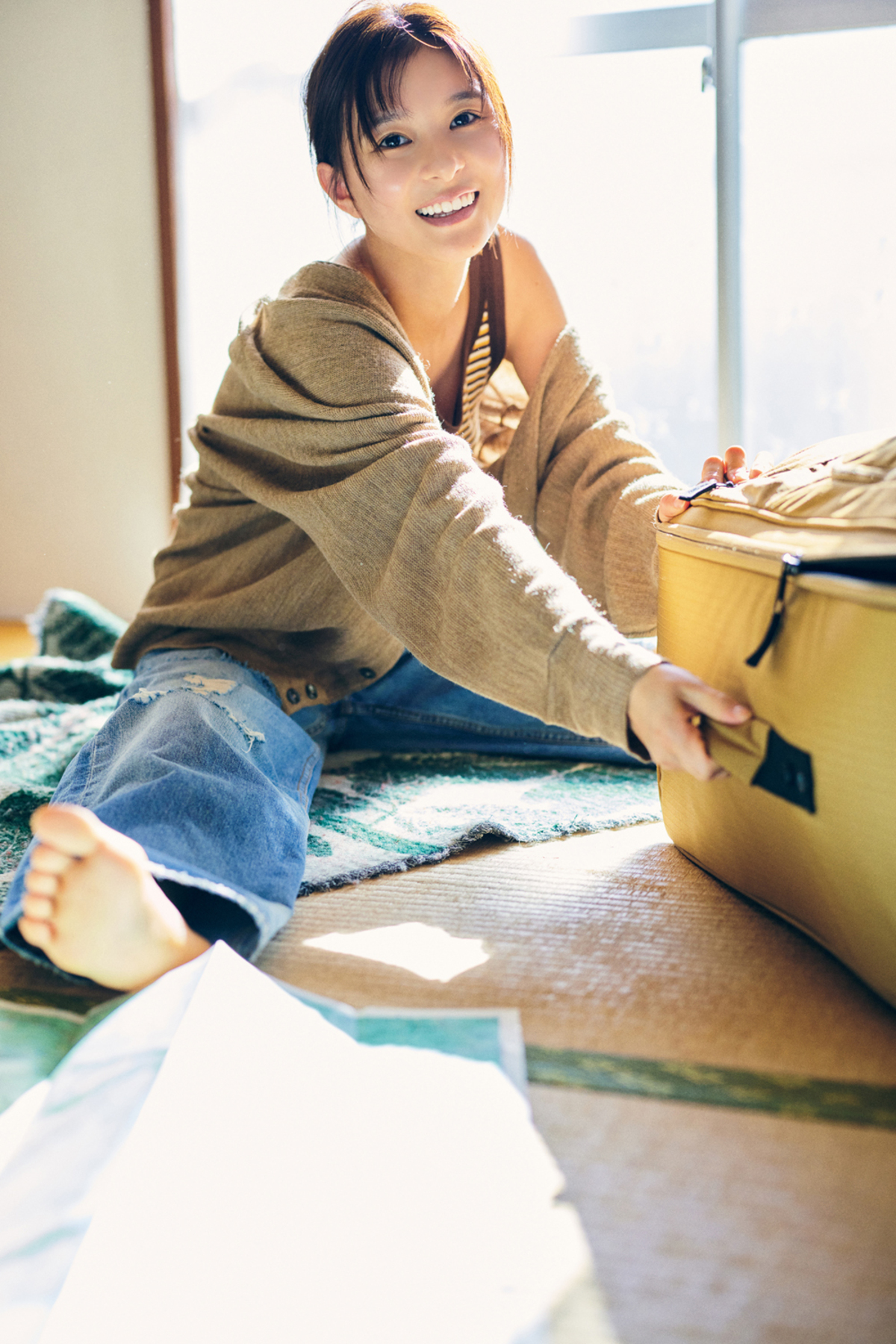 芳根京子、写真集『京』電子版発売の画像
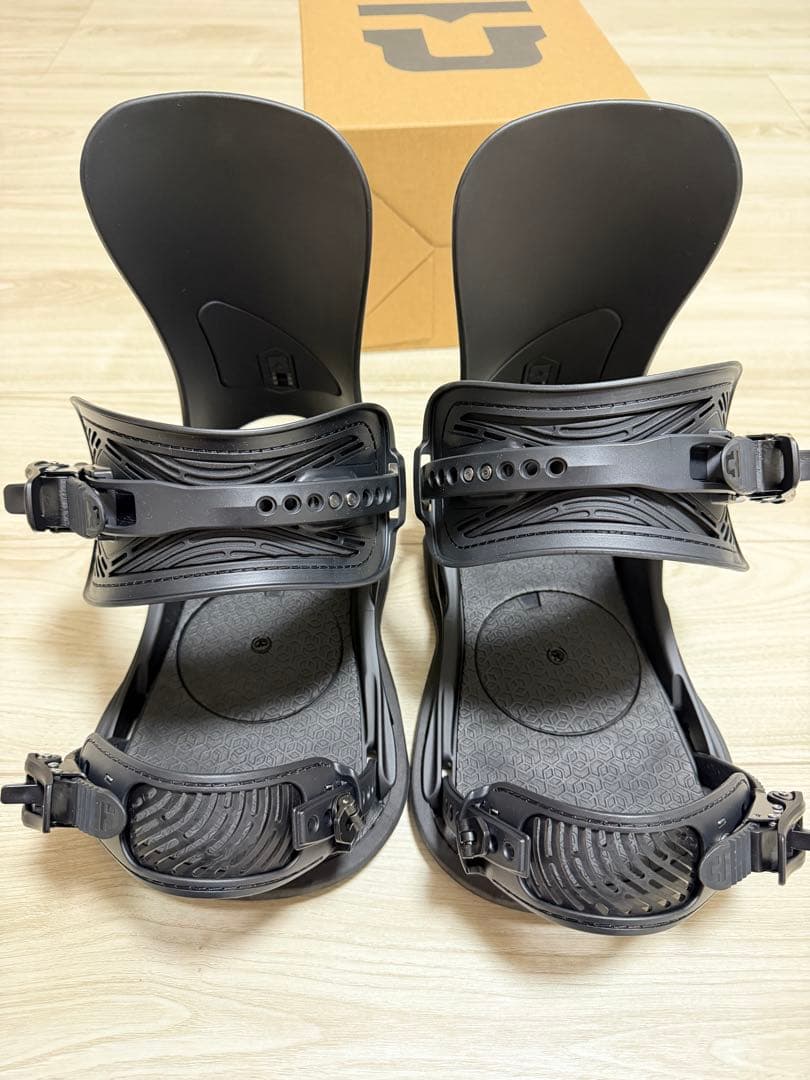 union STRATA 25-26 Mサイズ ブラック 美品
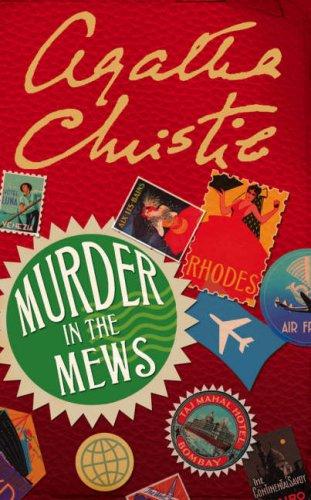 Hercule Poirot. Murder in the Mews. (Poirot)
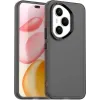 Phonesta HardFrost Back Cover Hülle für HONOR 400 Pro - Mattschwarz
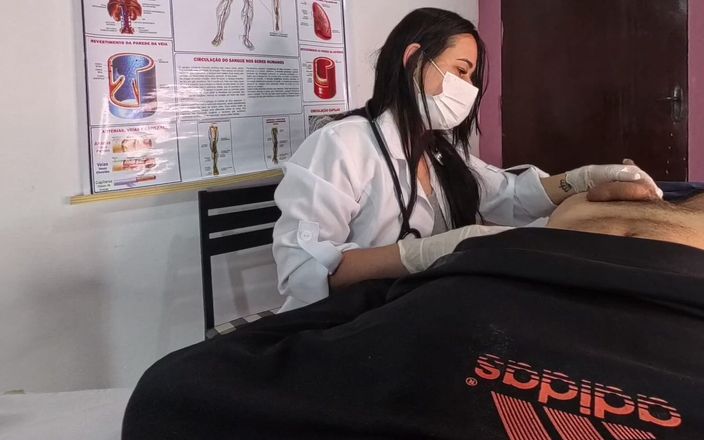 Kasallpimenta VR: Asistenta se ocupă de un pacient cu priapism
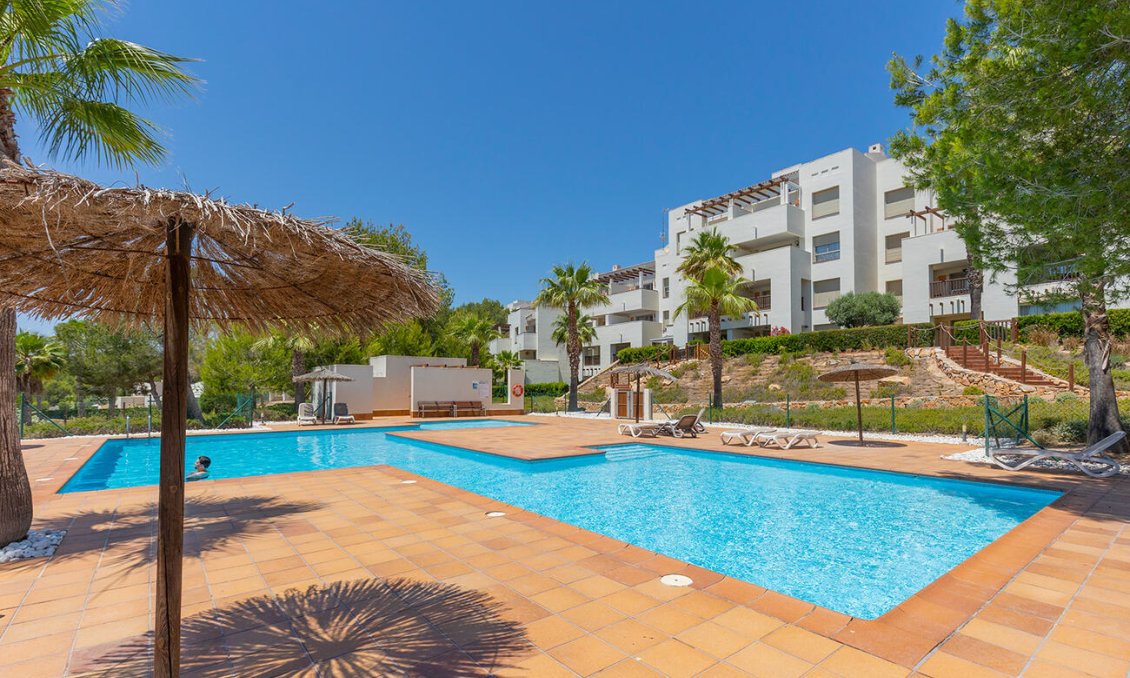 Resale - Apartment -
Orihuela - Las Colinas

= = =

■ **Goal of the exercise**: Write out verbatim the lines from the one containing "Kasallpimenta VR: Asistenta" through the last line of the listing above, and no other lines; omit pictures.

■ **Your solution**:
 Kasallpimenta VR: Asistenta se ocupă de un pacient cu priapism
 Resale - Apartment -
Orihuela - Las Colinas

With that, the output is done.